Status page not working?

Unless the clock is very unstable, ntpd should normally reach the maximum interval and stay there.

ntpdate by default sends 4 requests per server, so running it once per hour would still generate slightly more NTP traffic than an already stabilized ntpd.

minpoll and maxpoll can be increased to reduce the packet rate.

Thanks for sharing some background information. Some thoughts in response, obviously depends on further details of your environment as to whether any of them could be helpful.

ntpd can also step the clock if needed, and has some options to tweak related aspects. In the worst case, if your systems use systemd, you could deploy an override to automatically restart ntpd should it quit when its “panic threshold” is being exceeded, stepping the time upon restart as a last resort.

On a Linux system, you could use SNAT to randomize source ports on outgoing client packets. I used that with good effect to make up for ntpd’s current lack of support for port randomization.

Or use chronyd, which does said randomization by default (but can also be told to use a static source port).

As it might have gotten lost, I’d like to highlight that @davehart’s suggestion to set up your own ntpd (or chronyd) instance and have your clients sync to that one rather than the pool directly was not only about load or accuracy. Rather, it would also shield your clients from the effects of some external server having issues should you decide to stick with ntpdate.

For one, such a server would kind of “filter” those effects based on more sophisticated vetting and selection mechanisms.

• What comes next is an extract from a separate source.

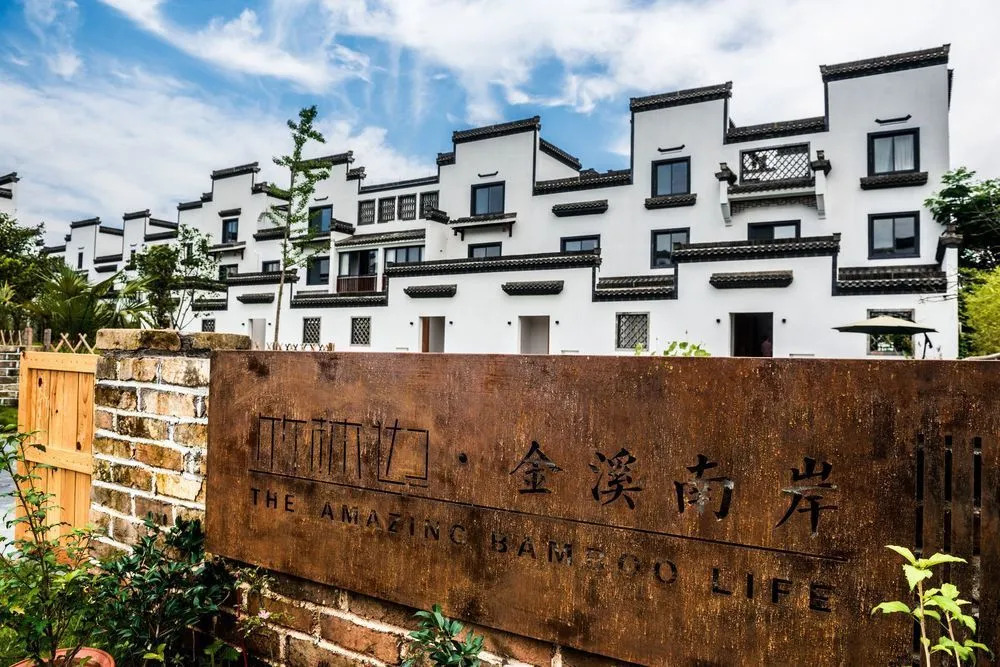 Zhulinbian Jinxinan'an Inn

For another, when something happens, you can more easily trace it. Rather than having to try to understand what random, anonymous server on the Internet a particular client of yours was querying at some point in the past, and what that server was doing at the time so your client subsequently went off the rails, you will know that your clients queried your server only (or servers, for redundancy), and you can more easily troubleshoot said server’s (or servers’) behavior.

2 Likes

May I invite you to review especially the first item in the “Additional Notes” section on the “How to use the pool” page, as well as the Terms of Service, especially section 3, subsection (c).

The pool has a monitoring system in place to weed out bad servers, and is currently working on improving said monitoring system. But there is just so much that can be done on such a scale. At the end of the day, the user needs to evaluate whether the pool is suitable for their needs, and either have mechanisms in place to deal with potential issues. Or use sources that are more suitable to their needs. E.g., use a few hand-picked, reputable public servers. Or even run their own NTP upstream server(s), with a wide range as to what that could look like (from just using a self-operated server, or set of servers, as “buffer” to shield downstream clients from the external world, to running one’s own stratum 1 server, in turn spanning a wide range of potential options as to what that could look like).

E.g., when some instances of the pool reporting bad time leads to widespread outage on your side, maybe the pool is not the right time source for your systems.

Or, your infrastructure is not up to to your requirements. You write that you have “typical ntp infra (which would have picked up the best time from across all reporting ntp instances and hosts)”. But the issues you report seem to contradict that statement.

As discussed above, picking up “the best time” is but one part of what needs to be done for robust timekeeping. Another part is to properly vet the time received from upstream sources. E.g., to check whether it is consistent and makes sense. And refuse to update the time if it is not. Certainly when the risk of bad time is widespread outage.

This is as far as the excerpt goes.